YOUR INSTRUCTIONS: Below are some records. Write out exactly their lines from the one with "Hey guys! Assalamu" through the one with "Just like the", and leave the pictures behind.

INPUT:
● ● ● ● ● ● ●

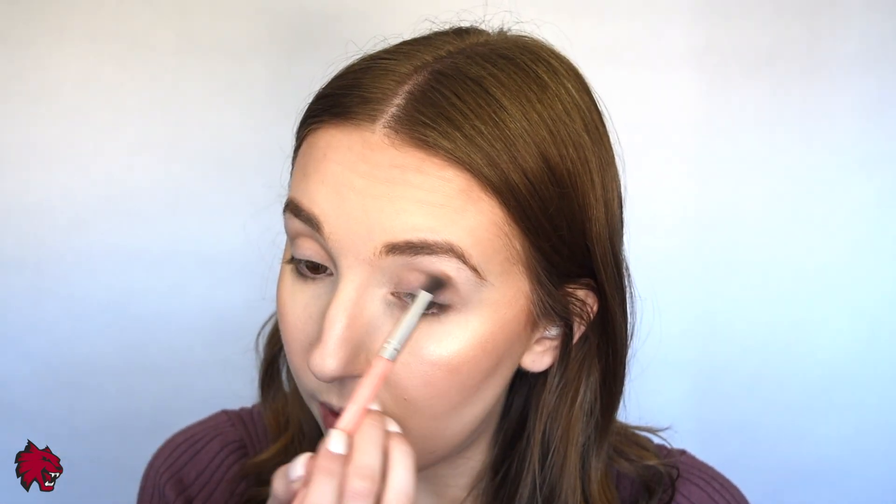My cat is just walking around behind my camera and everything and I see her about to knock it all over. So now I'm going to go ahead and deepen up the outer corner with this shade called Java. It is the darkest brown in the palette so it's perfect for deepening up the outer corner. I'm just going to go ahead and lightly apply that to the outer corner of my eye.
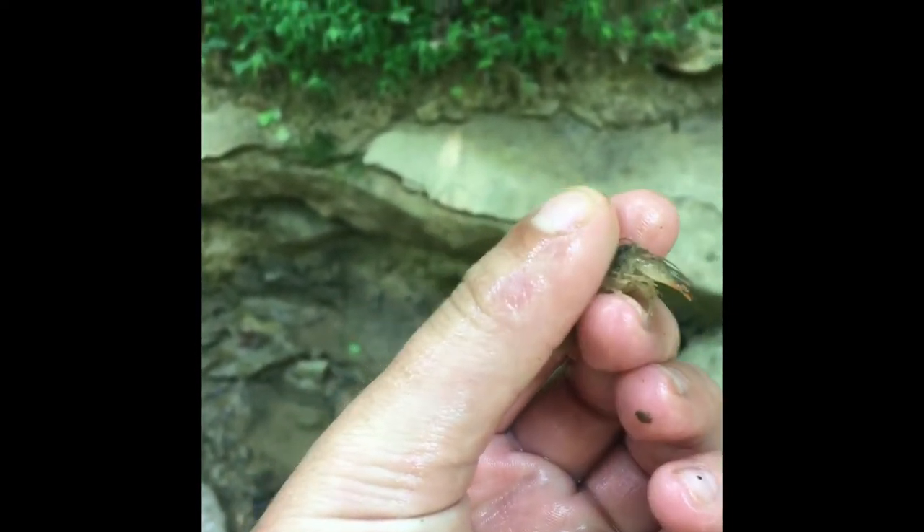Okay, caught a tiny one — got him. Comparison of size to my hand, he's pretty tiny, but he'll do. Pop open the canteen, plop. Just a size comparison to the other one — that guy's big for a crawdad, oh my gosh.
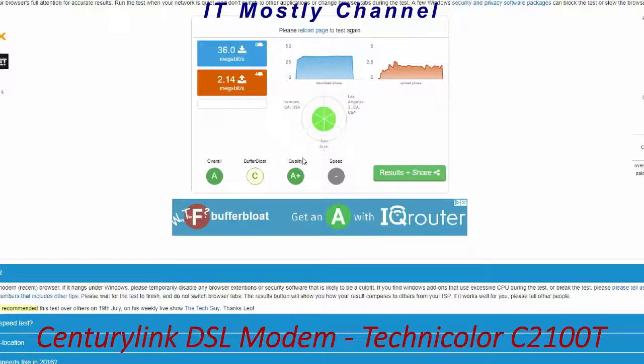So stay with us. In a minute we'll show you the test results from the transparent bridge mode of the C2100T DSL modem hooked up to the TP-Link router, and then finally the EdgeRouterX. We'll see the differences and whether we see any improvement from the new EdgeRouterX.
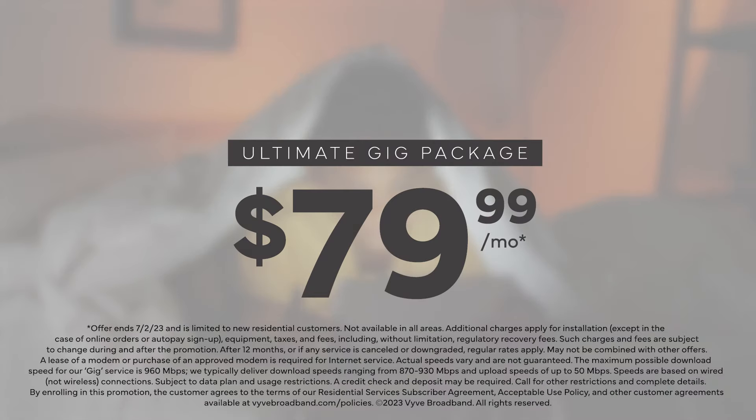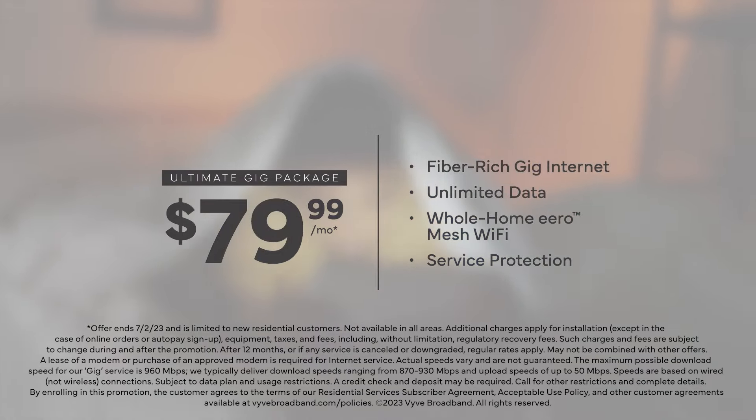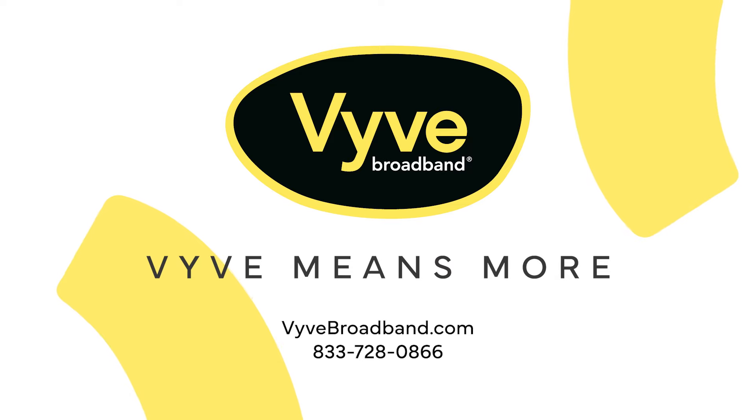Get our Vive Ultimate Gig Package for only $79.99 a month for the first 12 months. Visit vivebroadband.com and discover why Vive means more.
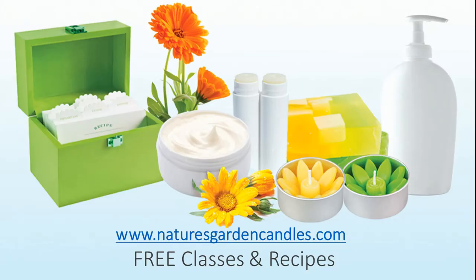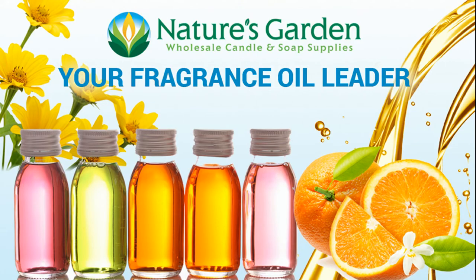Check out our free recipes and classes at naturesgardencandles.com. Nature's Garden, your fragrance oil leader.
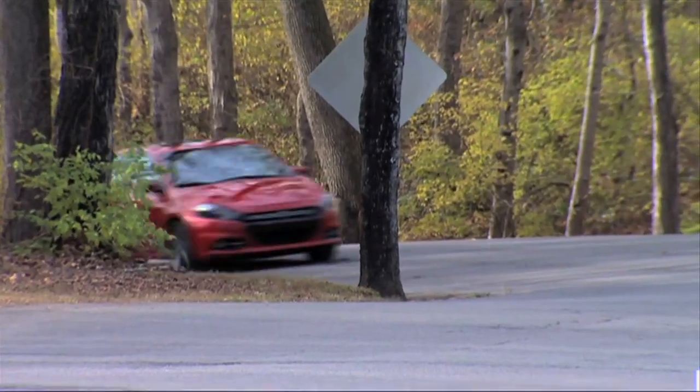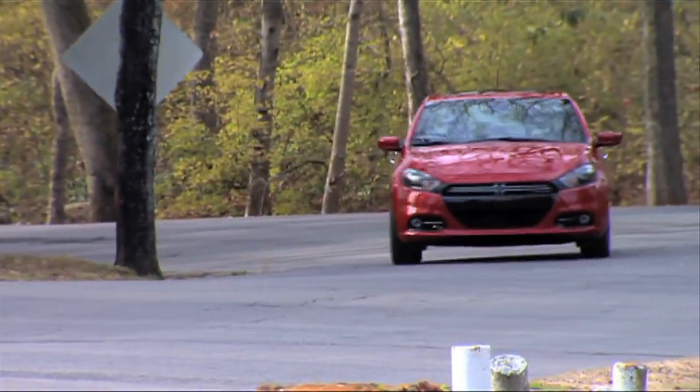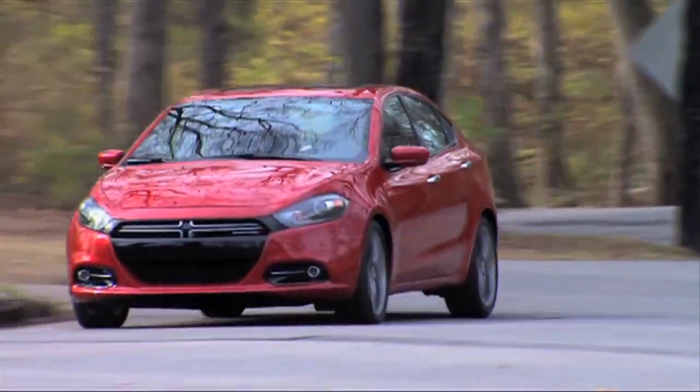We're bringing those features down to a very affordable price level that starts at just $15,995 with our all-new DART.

● ● ● ● ● ● ●

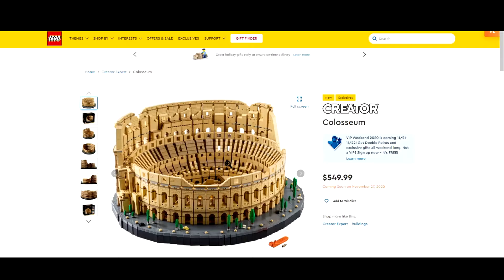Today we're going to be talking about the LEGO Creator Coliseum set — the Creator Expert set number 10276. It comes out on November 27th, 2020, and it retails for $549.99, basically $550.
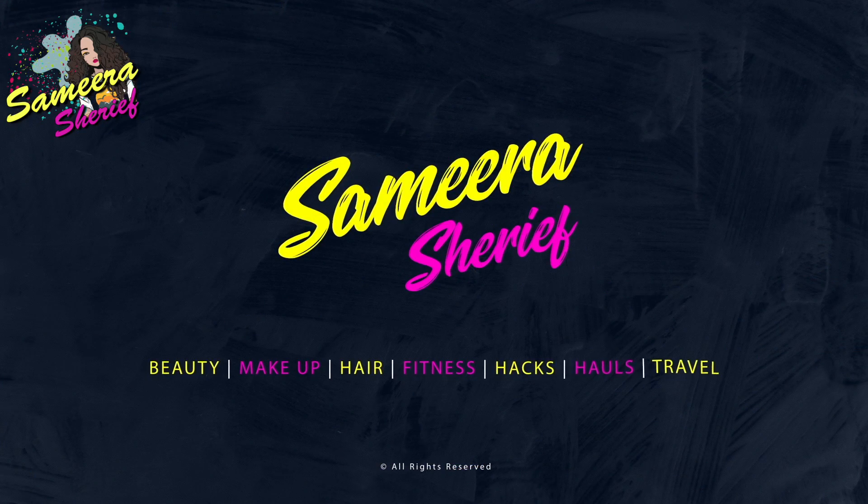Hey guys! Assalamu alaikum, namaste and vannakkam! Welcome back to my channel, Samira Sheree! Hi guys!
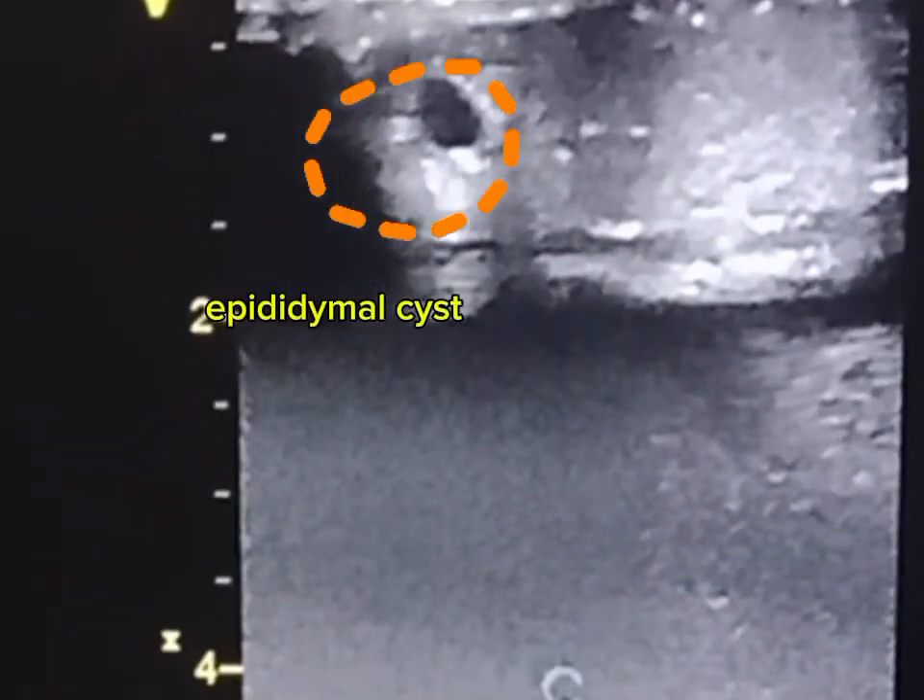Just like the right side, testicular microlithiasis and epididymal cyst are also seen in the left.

● ● ● ● ● ● ●

OUTPUT FOR THIS EXERCISE:
Hey guys! Assalamu alaikum, namaste and vannakkam! Welcome back to my channel, Samira Sheree! Hi guys!
Just like the right side, testicular microlithiasis and epididymal cyst are also seen in the left.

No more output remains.